二〇〇二年春天,保利艺术博物馆的专家在香港古董市场购得一件西周中期的铜器,叫燹公盨,其内底的一篇九十八字的铭文,引起学术界的震动。铭文劈头便讲:“天命禹敷土,随山濬川,乃差地设征。”撇开铭文的其他重要内容不论,仅这十来个字,就说到了中国古代地理的一桩大事,即大禹治水。
燹公盨
大禹治水是每个中国人熟悉的一个历史传说,大概在小学课本中就有了。大禹治水的意义不只是战胜水灾,不只是把洪水疏导光就完事了,这个传说中包含着一系列整理疆土的伟业。到目前为止,我们能追溯到的中国大地上大范围的、一体化的人文地理格局形成的起点,就是以大禹治水这件事为标志的。
禹贡九州山川之图
大禹治水后,他所行经的地方,被称作“禹迹”。经过大禹治理的地方就变得文明,没得到大禹治理的地方依然是野蛮世界,所以“禹迹”就成为文明之邦的代名词。“芒芒禹迹,画为九州”(《左传》),在“禹迹”的范围内又划分为九个州,于是“九州”又成为文明之邦的代名词。从历史地理的角度看,“九州”比“禹迹”有了更进一步的演进,因为“九州”说出了一套地理分区体系、一个大范围的地理格局。从洪荒世界到“九州”的演进,是中国古代文明发展的一个侧面,一场重要的宏观地理变革,这场变革是在大禹治水的传说中表述出来的。
山东嘉祥武氏祠东汉时期大禹像拓本
关于大禹治水的传说,文献中多有记载,而最经典的历史文本是《尚书》中的《禹贡》篇。在王朝历史时期,《禹贡》属于儒学经典,备受尊崇,人们笃信大禹治水、分画九州是事实。到二十世纪初,中国王朝体系崩溃,旧学沦落,新思潮涌现。在这个背景下,一批历史学家对中国早期的历史传说进行了认真的清理,指出传世文献记录的东西不是那么可靠,于是纠正了不少对早期历史的误传。关于大禹治水这件事,传世文献的记载受到怀疑,而确凿的证据只有东周时期的铜器铭文,所以大禹治水的传说到底是什么时候出现的,谨慎的人只追溯到春秋战国,不敢讲得再早。
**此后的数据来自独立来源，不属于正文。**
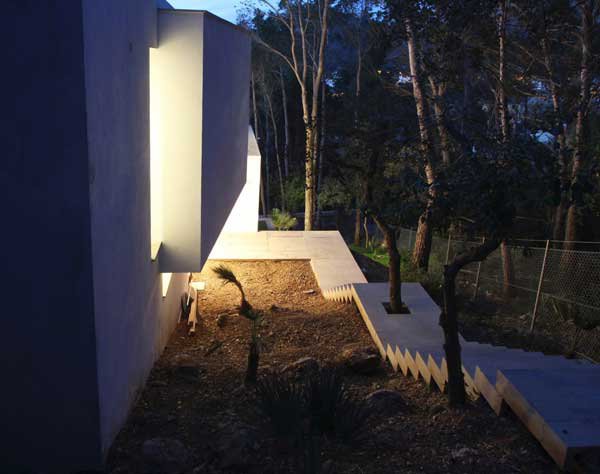 Mallorcan Residence Among Robust Pines and Holm Oaks 4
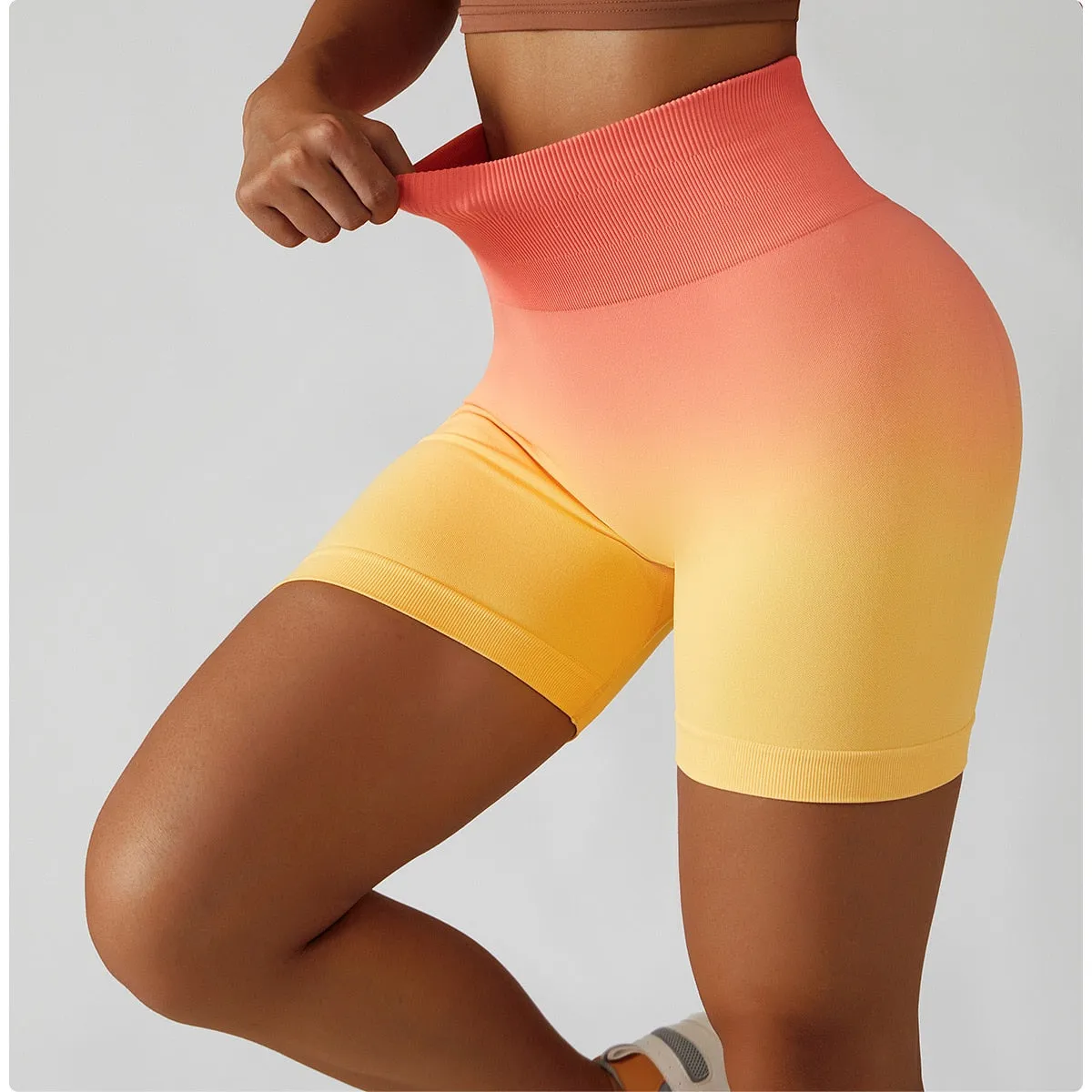 Gradient Seamless Yoga Shorts Gym Running Workout Tight Sports Shorts High Waist Elastic Butt Lifting Fitness Pants Shorts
现在,燹公盨的发现及其铭文的释读,将大禹治水传说的确凿证据提前到了西周时期。有了这个证据的支撑,文献中有关西周时期大禹治水、分画九州传说的记载也相应增强了可信性。我们可以确信,在大约三千年前的时候,大禹治水的传说已经流行了。
燹公盨铭文拓片
大禹治水是历史“传说”,但传说背后的时代特征与传说表述的观念应当是真实的。在大禹治水、分画九州的传说中,我们最关心的是对大范围疆域得以整治的积极颂扬,和对其作一体分区的认知方式。这些东西都是西周时期地理思想史上的重大成就。一些青铜器铭文证据显示,到了春秋时期,无论是东方的齐国还是远在西方的秦国,都存在着这样的颂扬和认知方式。
我们一般把“统一中国”的功劳归于秦始皇,而说周代是一个分封割据的社会。但是在许多观念上,特别是在地理观念上,“一统”化或一体化的东西早已在周代大量出现了。除了“禹迹”这个仍带有原始痕迹的一体性地域概念外,周人还说“普天之下,莫非王土”,“王土”也是一体,是更成熟的一体性地域概念,“九州”则是它的分区。
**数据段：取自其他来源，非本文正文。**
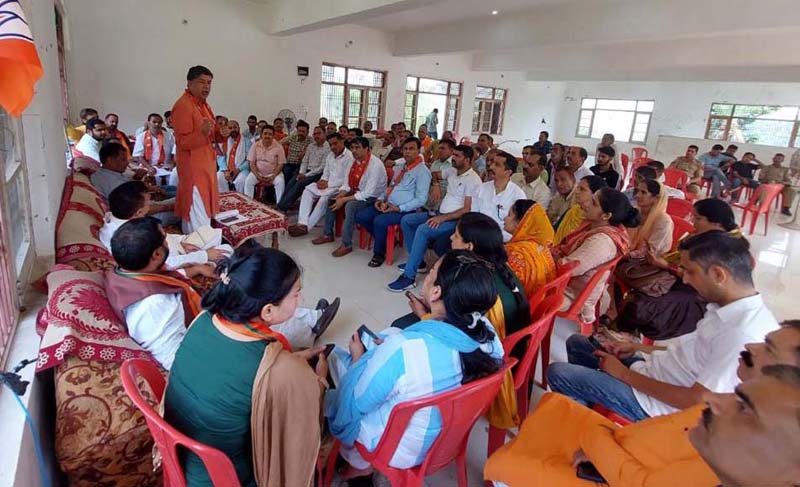 BJP leader addressing a meeting in Basholi. BJP leader addressing a meeting in Basholi.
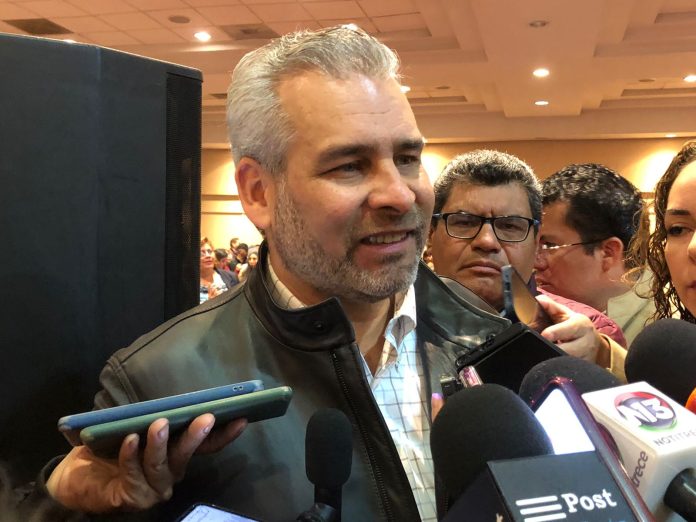 Ni acuerdos bajo la mesa ni negocios en aprobación del presupuesto 2024: Gobernador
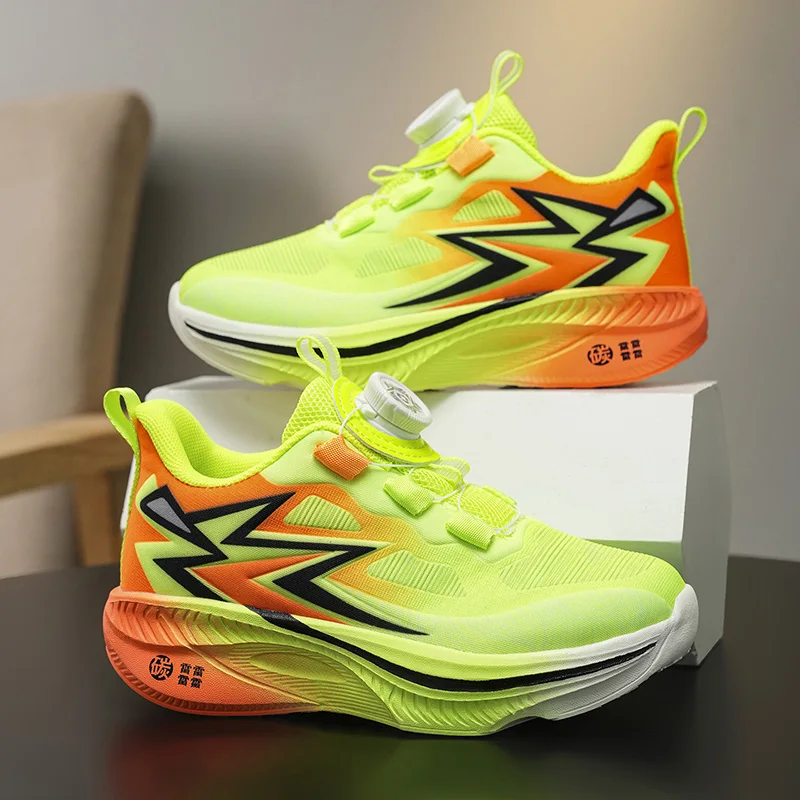 Dziewczęce Chłopięce Oddychające Sneakersy z Siateczki Buty na Cztery Pory Roku Buty Dziecięce Miękka Podeszwa Sportowe Buty do Biegania Buty Tatusia Antypoślizgowe 4 do 12 Lat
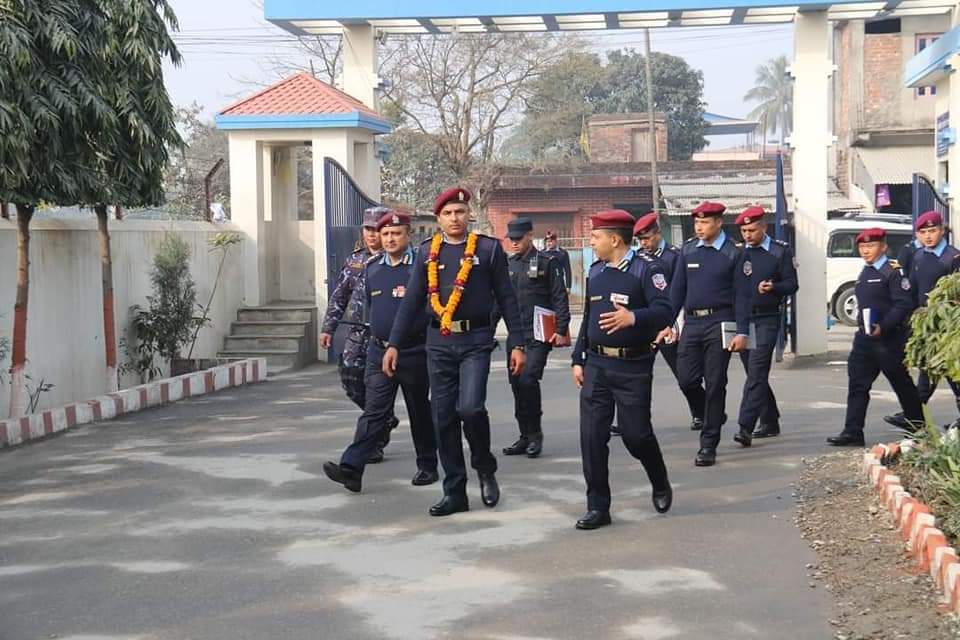 प्रदेश नम्बर १ का डिआईजी श्याम ज्ञवाली जिल्ला प्रहरी कार्यालय मोरङको निरीक्षणमा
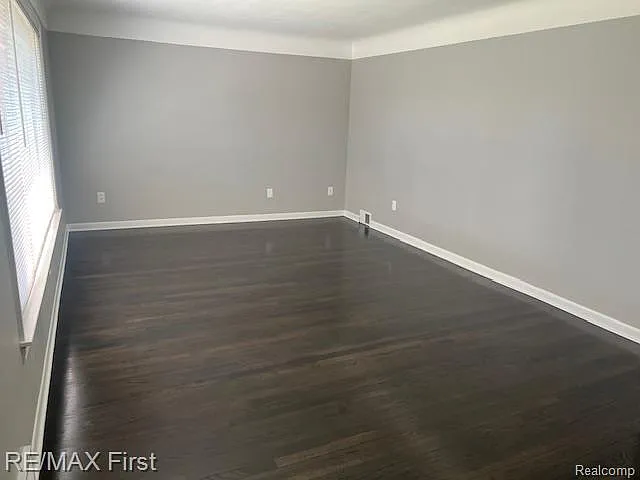 22841 E Thirteen Mile Rd — Photo 5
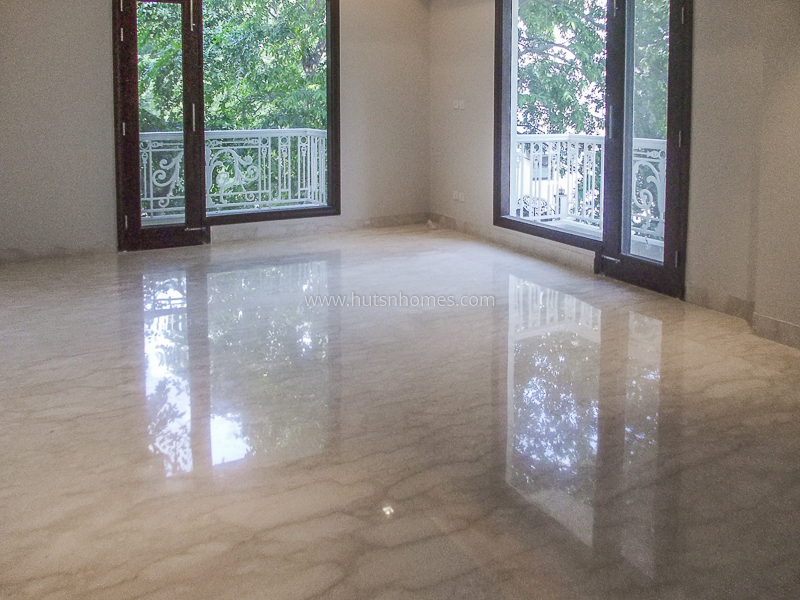 4 BHK Flat For Rent in Anand Niketan
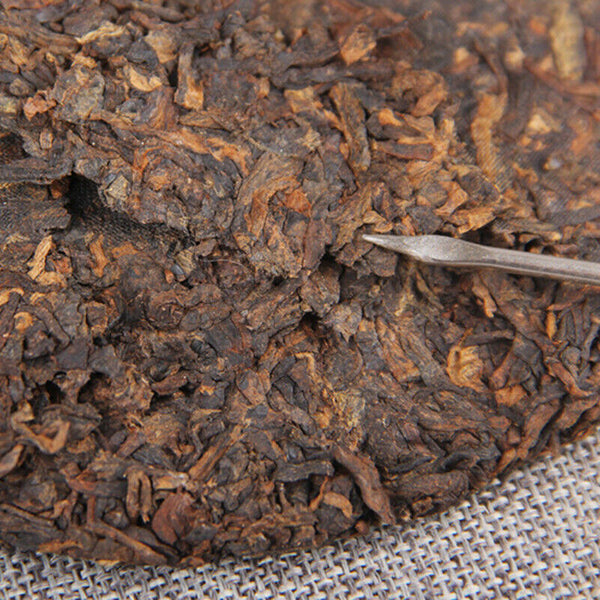HelloYoung YunnanTop Menghai Ripe Pu'er Tea Cake Classic Tea Chinese Slimming Tea 200g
值得注意的是,周人所称颂的“平水土、画九州”的伟业都是在禹的名义下完成的。这说明在周人眼中,禹是一个有影响的人物,而禹所处的夏朝是一个有成就的历史时代。不管周人做了怎样的夸张,也绝不会是无端的编造,我们在探索中国文明起源的问题时,对于周人所传颂的事情,应给予足够的重视。
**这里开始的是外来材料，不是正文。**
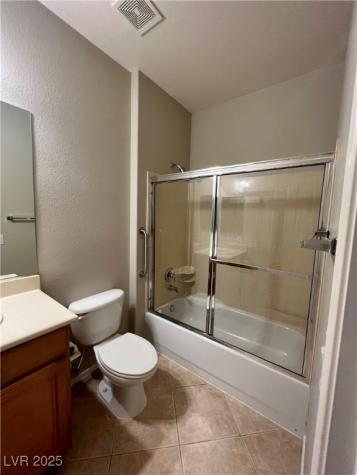 2460 Calvert City Drive Henderson NV 89052
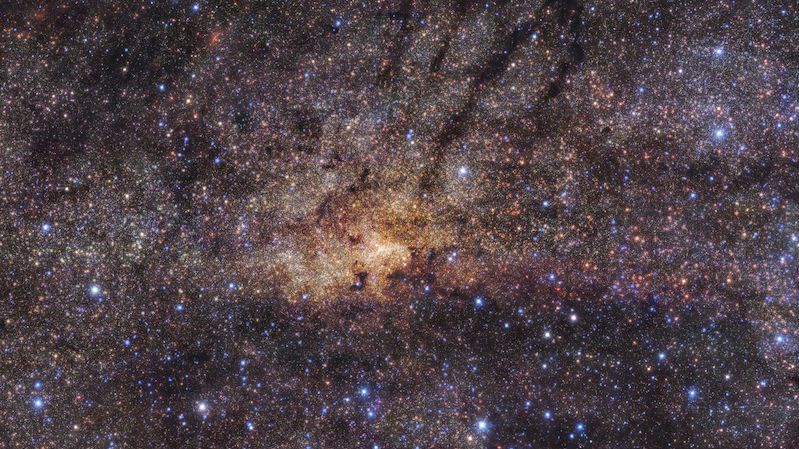 Střed Mléčné dráhy nese pradávné stopy nespoutaného zrodu hvězd
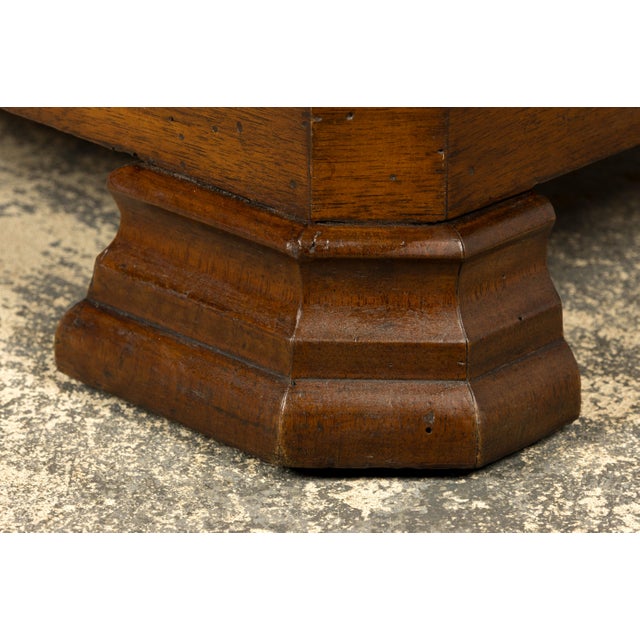 Mid-19th Century French Louis Philippe Walnut Marble Top Commode For Sale - Image 13 of 18
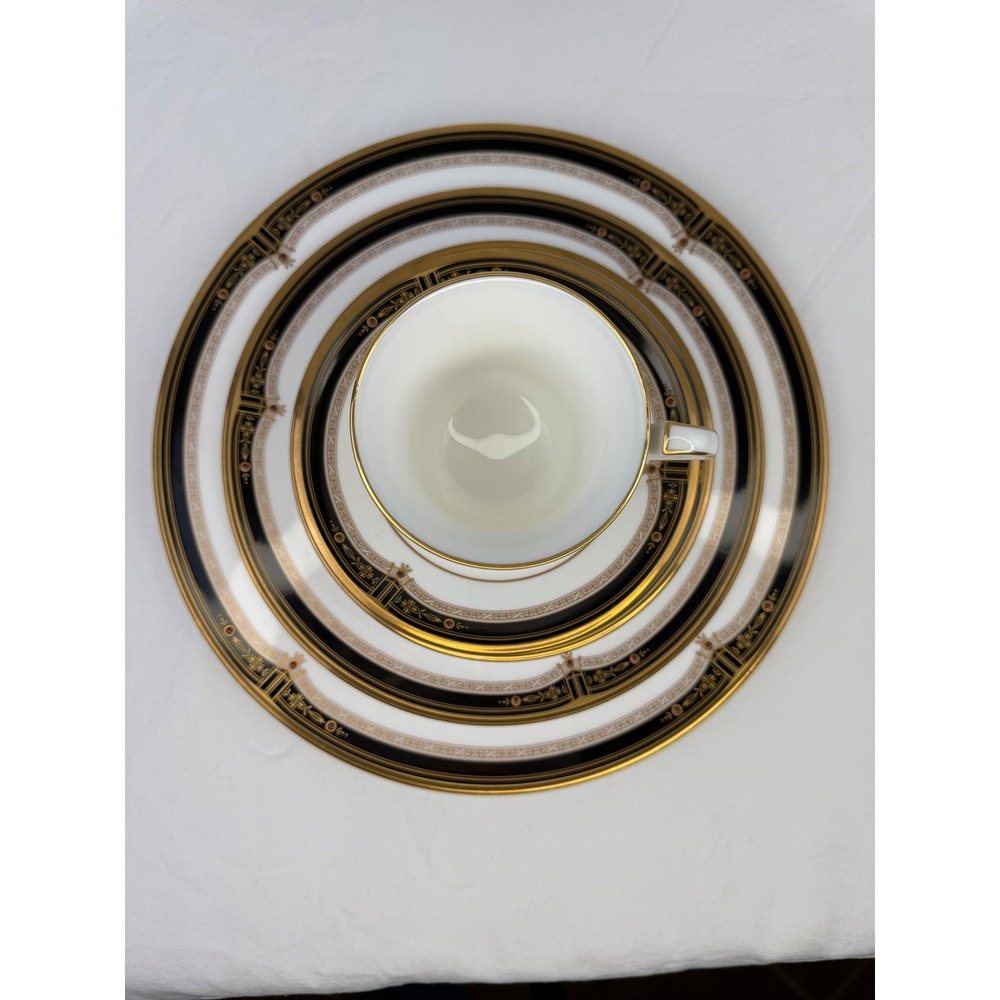 Vintage Noritake Gold and Sable 9758 Bone China 6 Piece Place Setting - Picture 2 of 10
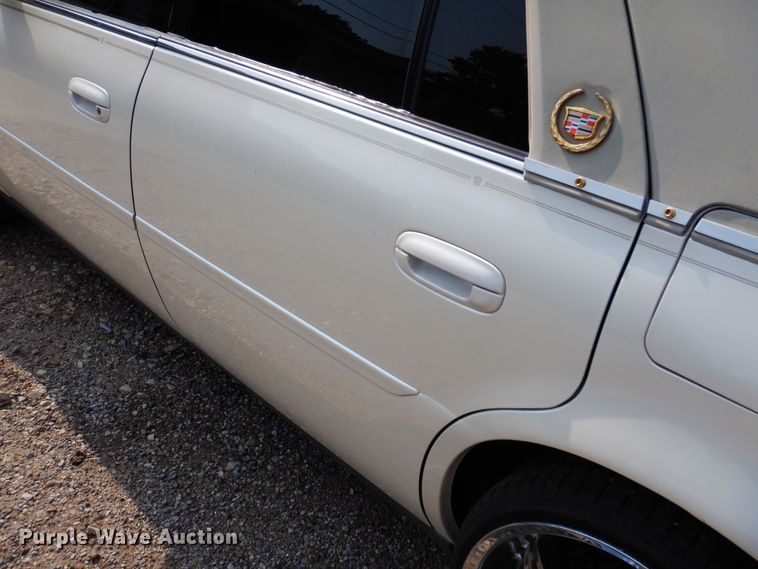 image for item JN9503 2003 Cadillac DeVille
在这次发现的燹公盨铭文中,还有一项十分重要的地理思想史内容。铭文中将大禹治水与“明德”密切联系起来,也就是说,大禹治水已成为“德”的重要例证。“德”,是周人着重宣扬的精神崇拜对象,是一切事物是否具有正统性的标准。大禹治水与“德”的联结,说明“禹迹”、“九州”这些连带性观念,都具有了如“德”一般的崇高地位。这一思想发展,为后世以“九州”为代表的大一统地理观念之不可动摇的地位,奠定了基础。这是一桩在中国文明发展史中具有深远意义的事情。